Friday March 5th Pi’s 2021 release schedule kicks off with the release of Hafez Modirzadeh’s Facets. A recording of duets between Hafez and three unique pianists, Kris Davis, Craig Taborn and Tyshawn Sorey.
Facets was three years in the making beginning with a two night performance at the Jazz Gallery in Manhattan and featuring four sets of music with a different pianist each set. Expanding on the concepts and ideas Hafez put into motion with the retuned piano featured on Post-Chromodal Out, Modirzadeh has distilled the approach to a single re-tuning for Facets. Modirzadeh himself utilizes alternate fingerings and embouchure adjustments on his instrument to achieve intervals between major and minor, and the pieces sway with an elasticity reminiscent of Persian poetic meter. With eight keys re-tuned and the remainder left in equal temperament, the music explores the coexistence of familiar with unfamiliar, and in the process, discovers new logic and mysterious beauty within.
This third chapter in Pi’s documentation of Hafez’s work is the first release of our 20th anniversary year and a fitting start.

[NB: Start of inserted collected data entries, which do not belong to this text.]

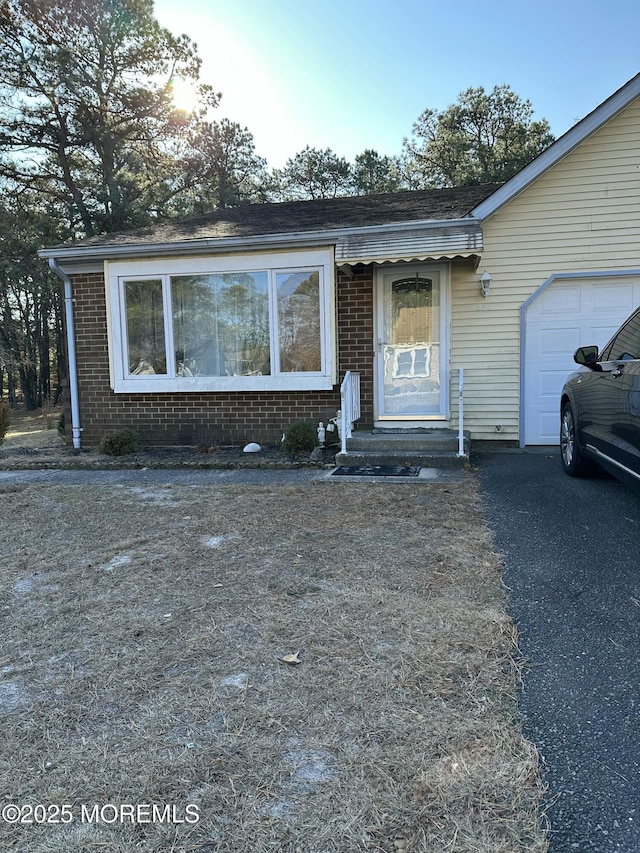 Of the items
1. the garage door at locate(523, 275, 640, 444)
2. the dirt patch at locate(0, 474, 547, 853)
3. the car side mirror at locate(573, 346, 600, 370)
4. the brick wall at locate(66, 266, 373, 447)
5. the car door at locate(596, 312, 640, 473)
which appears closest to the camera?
the dirt patch at locate(0, 474, 547, 853)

As 2020 winds down we wanted to take this moment to thank everyone who reached out to see how we were doing, supported the artists and their releases with their purchases and let us know what an important role music plays in their life. During these times particularly.
Our release schedule for 2020 was greatly curtailed unfortunately. February saw the release of Liberty Ellman’s Last Desert and September Dan Weiss’ Natural Selection. In between those two releases we began our digital only series, This is Now: Love in the Time of Covid via BandCamp. This Is Now saw releases by Steve Lehman, David Virelles, Liberty Ellman, Vijay Iyer and Miles Okazaki.
As we approach the end of the year we wanted to leave everyone with this note. 2021 promises to be better and we look forward to sound tracking it. Releases by Hafez Modirzadeh, Jen Shyu, Henry Threadgill, Matt Mitchell and Kate Gentile have kept us hopeful and excited to for what’s to come. Best to all and have a safe and healthy end of the year.